Baroness Amos: it is customary for a head of state, on an official visit to the United Kingdom, to have an audience with the Queen if Her Majesty is available. On this occasion a call on the Prince of Wales also seemed appropriate. President and Mrs Al-Assad have an interest in the Prince of Wales' charitable works, in particular the Prince's Trust.

International Centre for Prison Studies: Dissemination of Handbook for Prison Staff

Lord Hylton asked Her Majesty's Government:

    Whether they will provide copies of the Handbook for Prison Staff, recently published by the International Centre for Prison Studies, to British missions overseas, asking them, wherever possible, to bring it to the attention of prison authorities in those countries.[HL627]

Baroness Amos: Copies of the new International Centre for Prison Studies Handbook for Prison Staff have been sent to all British missions overseas. They have been asked to disseminate the publication to appropriate senior officials in ministries of justice, prisons and other relevant government administrations. The handbook is currently being translated into Russian, Spanish and Turkish. A French version is also planned in the next financial year. Once printed, UK missions in Russia and Russian-speaking countries, Turkey and South America, as well as Francophone Africa will circulate many hundreds of copies more. I have also arranged to have a copy placed in the Library of the House.

Middle East

The Earl of Sandwich asked Her Majesty's Government:

    Whether the Quartet engaged in the Middle East peace process has accepted the Taba proposals of January 2001 as a starting point, if not, which members of the Quartet rejected them; and on what grounds.[HL640]

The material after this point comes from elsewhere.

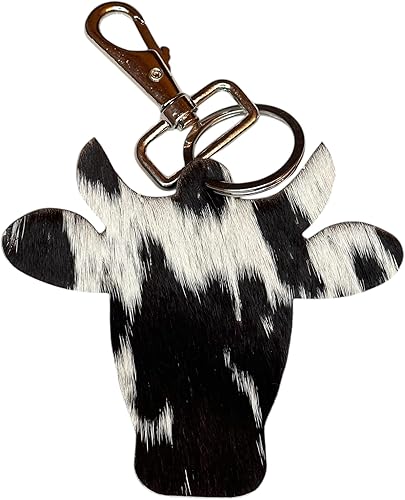 Bull head shape keychain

19 Dec 2002 : Column WA140

Baroness Amos: We believe that the international community broadly shares our view that ideas discussed in Camp David and Taba provide a valuable framework for handling some of the issues which divide the Israeli and Palestinian peoples. The Quartet is working on a roadmap leading to a final settlement within three years, implementing the vision expressed by President Bush in June 2002. The Israeli occupation that began in 1967 will be ended through a settlement negotiated between the parties and based on UN resolutions 242 and 338, with Israeli withdrawal to secure and recognised borders and the creation of a viable Palestinian state.